NAL-i5K / NAL_RNA_seq_annotation_pipeline

Other
5 stars 3 forks source link

Update downsample bam #27

Closed mpoelchau closed 4 years ago

mpoelchau commented 4 years ago

We'll need to downsample the merged bam file before transferring it to our servers. Picard used to be able to do this to a max depth, but the program deprecated that function.

For now, I'd suggest we use samtools view -bs [randomseed].[proportion] [merged_bamfile]

In the code, this would replace the function starting here: https://github.com/NAL-i5K/NAL_RNA_seq_annotation_pipeline/blob/update-rnannot/rnannot/RNAseq_annotate.py#L428

Samtools documentation for samtools view -s (http://www.htslib.org/doc/samtools-view.html):

-s FLOAT Output only a proportion of the input alignments.
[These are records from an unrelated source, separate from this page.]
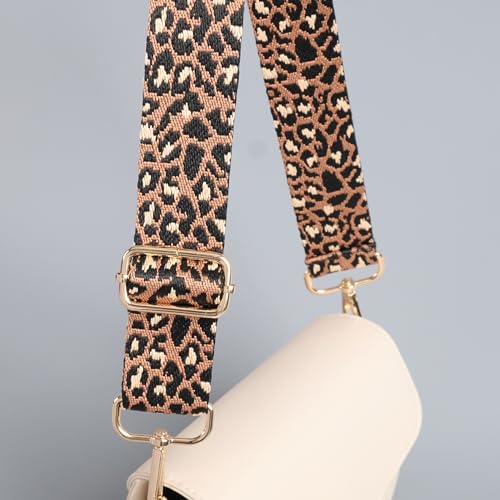 Image of chushui Leopard Print Purse Strap for Women,Adjustable Crossbody Bag Strap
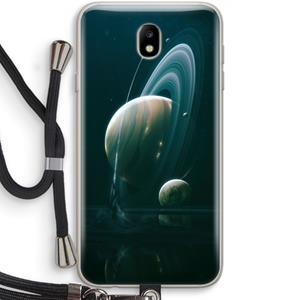 CaseCompany Mercurius: Samsung Galaxy J7 (2017) Transparant Hoesje met koord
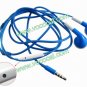 Earphone Headphones with Remote Mic for iPhone 5 4 4S iPod iPad Blue
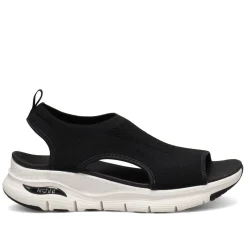 Wedges*Skechers Women's , Arch Fit - City Catch Sandal Black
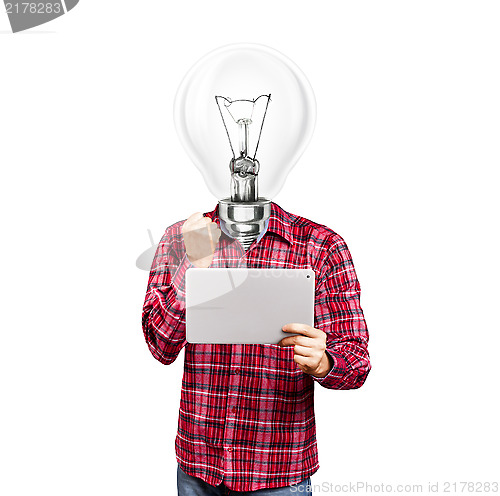 Image of Lamp Head Man With Touch Pad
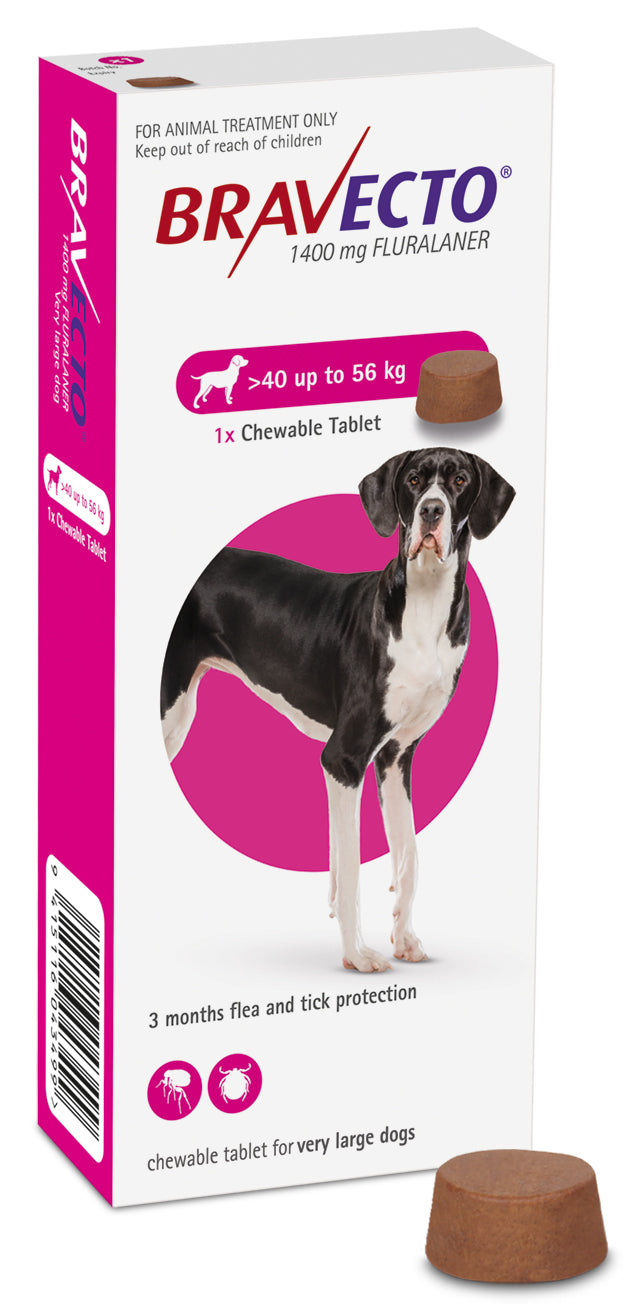 BRAVECTO® CHEW FOR DOGS (>40-56kg)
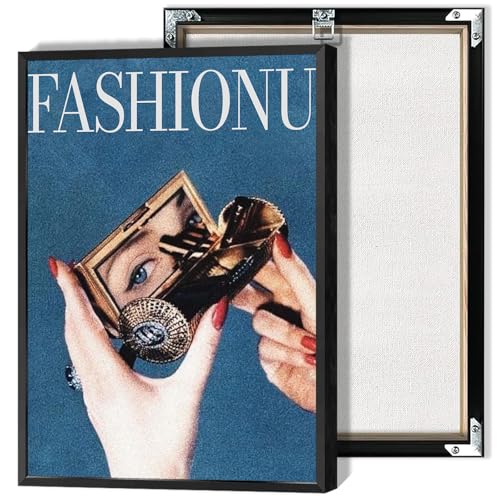 City Girl Make Up Poster Fashion Beauty Tools Light Blue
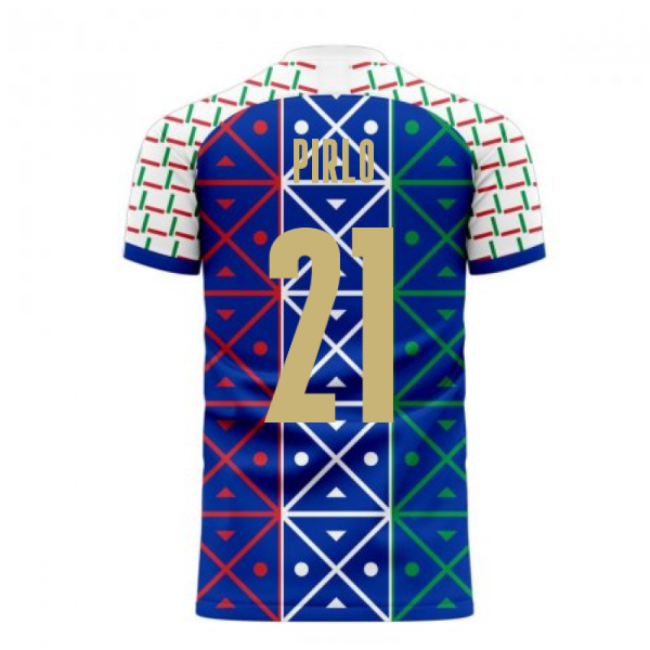Italy 2025-2026 Renaissance Home Concept Football Kit (Libero) (PIRLO 21)-Football Jersey Hub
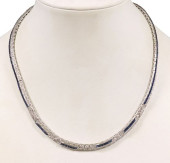 ESTATE ART DECO STYLE 18K WG,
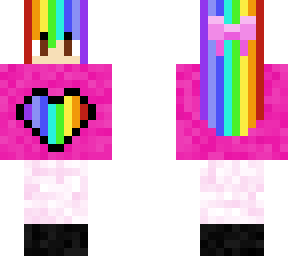 rainbow girl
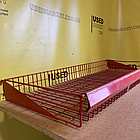 Полиця корзина з дроту до торгового стелажа 1150х430х120 червона, вживана, фото 5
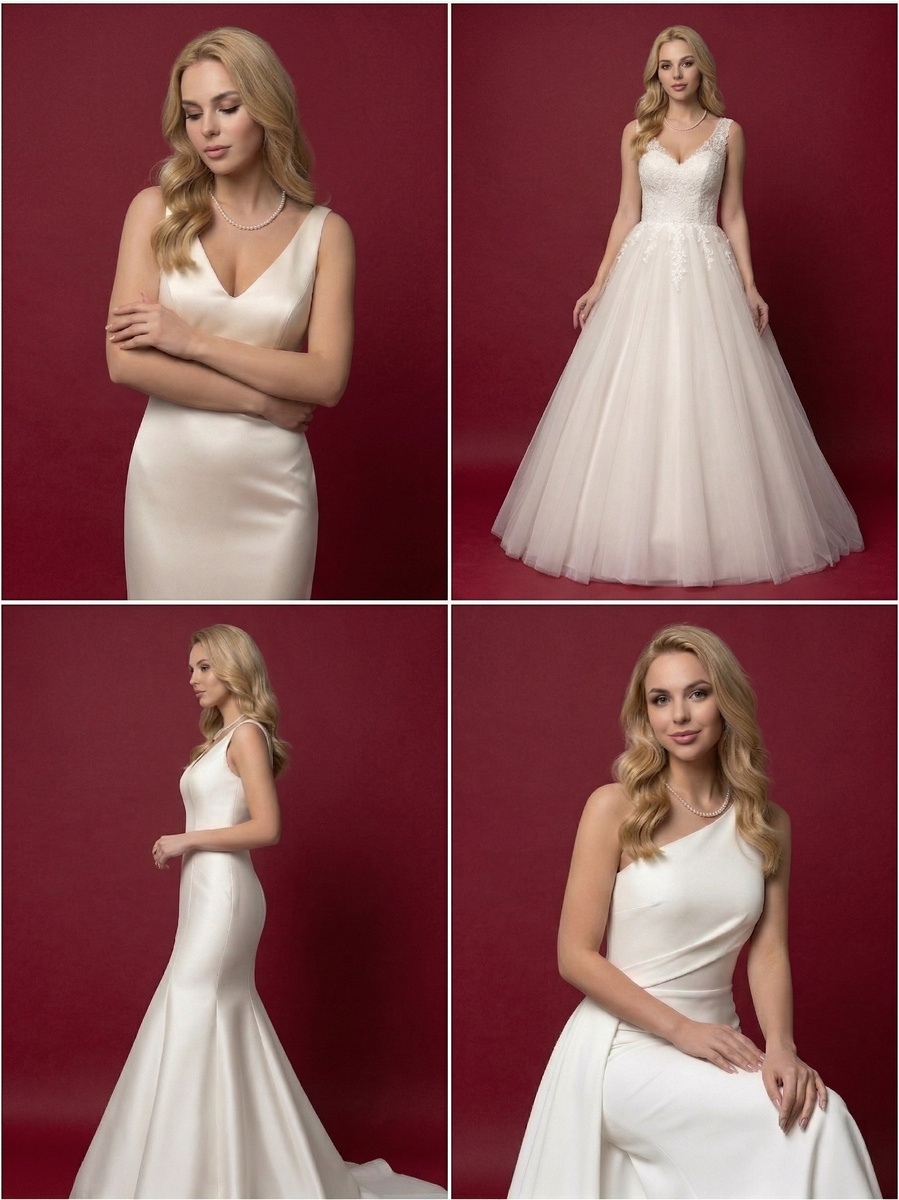 Украшение Almazia. Жемчужные бусы под свадебные платья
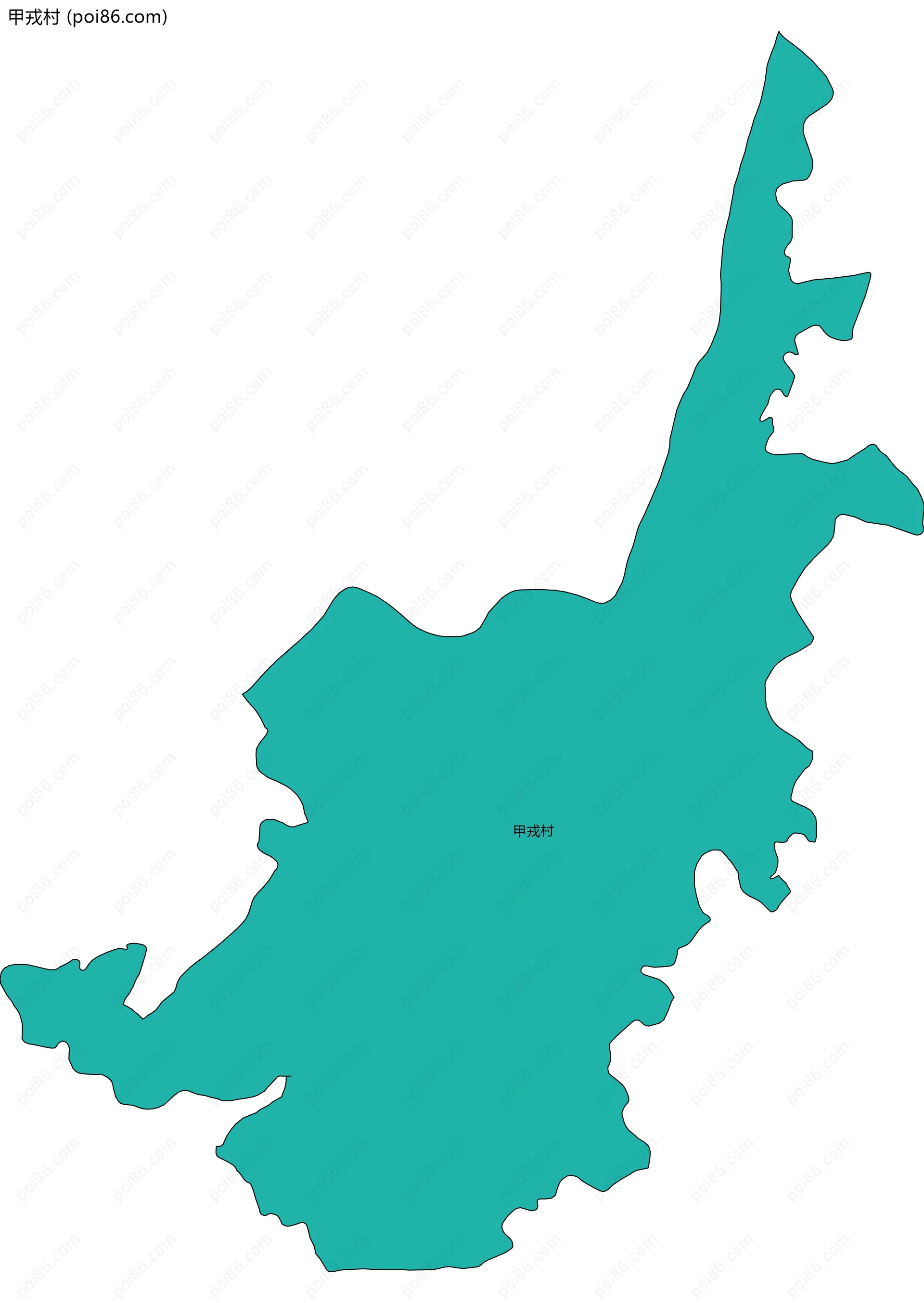 甲戎村边界地图
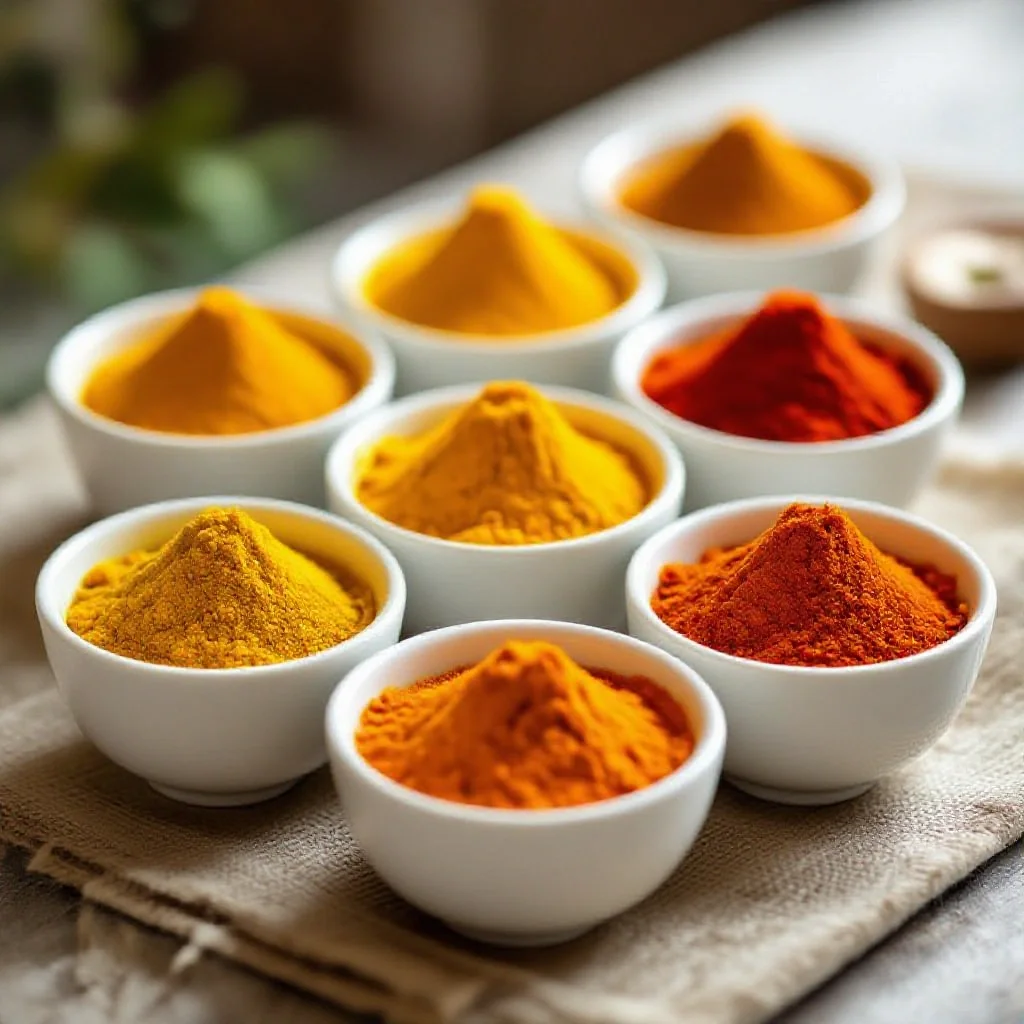 A range of curry powders, Madras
This subsampling acts in the same way on all of the alignment records in the same template or read pair, so it never keeps a read but not its mate.

The integer and fractional parts of the -s INT.FRAC option are used separately: the part after the decimal point sets the fraction of templates/pairs to be kept, while the integer part is used as a seed that influences which subset of reads is kept.

When subsampling data that has previously been subsampled, be sure to use a different seed value from those used previously; otherwise more reads will be retained than expected.

mpoelchau commented 4 years ago

Another strategy: https://davemcg.github.io/post/easy-bam-downsampling/

mpoelchau commented 4 years ago

This is moot, since we've decided to normalize the reads instead.